Directions: Your response should be an exact reproduction of the data below, beginning at the line containing "Subaru Outback 2009-2014" and ending with the final line.

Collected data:
##########

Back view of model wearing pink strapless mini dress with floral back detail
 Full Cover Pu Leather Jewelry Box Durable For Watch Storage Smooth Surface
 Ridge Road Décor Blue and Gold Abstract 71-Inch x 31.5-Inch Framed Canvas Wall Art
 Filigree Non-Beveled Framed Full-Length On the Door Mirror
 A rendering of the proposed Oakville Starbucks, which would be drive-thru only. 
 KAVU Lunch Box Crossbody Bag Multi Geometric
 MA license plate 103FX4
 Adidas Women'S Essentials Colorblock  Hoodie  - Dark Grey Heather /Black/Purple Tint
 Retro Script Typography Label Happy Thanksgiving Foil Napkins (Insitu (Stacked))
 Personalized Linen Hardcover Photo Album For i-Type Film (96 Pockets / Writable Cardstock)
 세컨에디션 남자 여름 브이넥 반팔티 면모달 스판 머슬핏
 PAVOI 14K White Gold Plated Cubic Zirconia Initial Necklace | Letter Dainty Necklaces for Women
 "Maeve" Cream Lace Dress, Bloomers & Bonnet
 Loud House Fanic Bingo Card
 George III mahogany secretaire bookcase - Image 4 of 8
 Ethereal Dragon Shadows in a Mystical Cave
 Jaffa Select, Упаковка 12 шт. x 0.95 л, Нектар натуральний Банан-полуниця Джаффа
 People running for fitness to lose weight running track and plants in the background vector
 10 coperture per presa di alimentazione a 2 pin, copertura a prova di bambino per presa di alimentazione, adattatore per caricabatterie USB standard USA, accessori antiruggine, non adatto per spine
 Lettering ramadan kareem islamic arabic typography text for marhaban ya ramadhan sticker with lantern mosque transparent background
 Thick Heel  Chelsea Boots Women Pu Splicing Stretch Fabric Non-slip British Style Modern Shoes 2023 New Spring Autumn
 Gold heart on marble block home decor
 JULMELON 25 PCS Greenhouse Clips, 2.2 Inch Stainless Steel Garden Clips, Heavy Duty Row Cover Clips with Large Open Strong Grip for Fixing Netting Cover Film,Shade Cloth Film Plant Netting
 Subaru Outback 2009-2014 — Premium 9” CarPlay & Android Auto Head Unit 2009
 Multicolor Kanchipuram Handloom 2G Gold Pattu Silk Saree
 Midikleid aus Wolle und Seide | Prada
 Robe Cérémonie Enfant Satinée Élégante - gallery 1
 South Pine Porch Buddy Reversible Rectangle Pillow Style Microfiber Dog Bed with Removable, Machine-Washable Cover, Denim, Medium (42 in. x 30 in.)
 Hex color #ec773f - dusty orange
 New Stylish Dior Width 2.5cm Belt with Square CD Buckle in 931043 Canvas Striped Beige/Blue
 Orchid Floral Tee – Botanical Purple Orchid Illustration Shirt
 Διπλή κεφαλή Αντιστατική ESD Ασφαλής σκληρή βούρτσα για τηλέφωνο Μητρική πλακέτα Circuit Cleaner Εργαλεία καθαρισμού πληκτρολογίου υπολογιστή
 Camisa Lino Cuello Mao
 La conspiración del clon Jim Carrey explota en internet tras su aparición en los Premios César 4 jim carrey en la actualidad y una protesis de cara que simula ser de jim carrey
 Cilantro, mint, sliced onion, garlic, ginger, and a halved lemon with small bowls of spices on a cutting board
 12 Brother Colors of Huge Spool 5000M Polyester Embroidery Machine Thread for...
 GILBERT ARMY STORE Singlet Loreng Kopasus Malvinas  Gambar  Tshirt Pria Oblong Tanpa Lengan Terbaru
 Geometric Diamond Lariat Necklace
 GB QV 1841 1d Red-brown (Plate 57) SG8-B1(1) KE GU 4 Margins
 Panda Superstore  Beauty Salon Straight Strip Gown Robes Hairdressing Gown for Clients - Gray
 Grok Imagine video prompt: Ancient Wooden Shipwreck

##########

Task result:
 Subaru Outback 2009-2014 — Premium 9” CarPlay & Android Auto Head Unit 2009
 Multicolor Kanchipuram Handloom 2G Gold Pattu Silk Saree
 Midikleid aus Wolle und Seide | Prada
 Robe Cérémonie Enfant Satinée Élégante - gallery 1
 South Pine Porch Buddy Reversible Rectangle Pillow Style Microfiber Dog Bed with Removable, Machine-Washable Cover, Denim, Medium (42 in. x 30 in.)
 Hex color #ec773f - dusty orange
 New Stylish Dior Width 2.5cm Belt with Square CD Buckle in 931043 Canvas Striped Beige/Blue
 Orchid Floral Tee – Botanical Purple Orchid Illustration Shirt
 Διπλή κεφαλή Αντιστατική ESD Ασφαλής σκληρή βούρτσα για τηλέφωνο Μητρική πλακέτα Circuit Cleaner Εργαλεία καθαρισμού πληκτρολογίου υπολογιστή
 Camisa Lino Cuello Mao
 La conspiración del clon Jim Carrey explota en internet tras su aparición en los Premios César 4 jim carrey en la actualidad y una protesis de cara que simula ser de jim carrey
 Cilantro, mint, sliced onion, garlic, ginger, and a halved lemon with small bowls of spices on a cutting board
 12 Brother Colors of Huge Spool 5000M Polyester Embroidery Machine Thread for...
 GILBERT ARMY STORE Singlet Loreng Kopasus Malvinas  Gambar  Tshirt Pria Oblong Tanpa Lengan Terbaru
 Geometric Diamond Lariat Necklace
 GB QV 1841 1d Red-brown (Plate 57) SG8-B1(1) KE GU 4 Margins
 Panda Superstore  Beauty Salon Straight Strip Gown Robes Hairdressing Gown for Clients - Gray
 Grok Imagine video prompt: Ancient Wooden Shipwreck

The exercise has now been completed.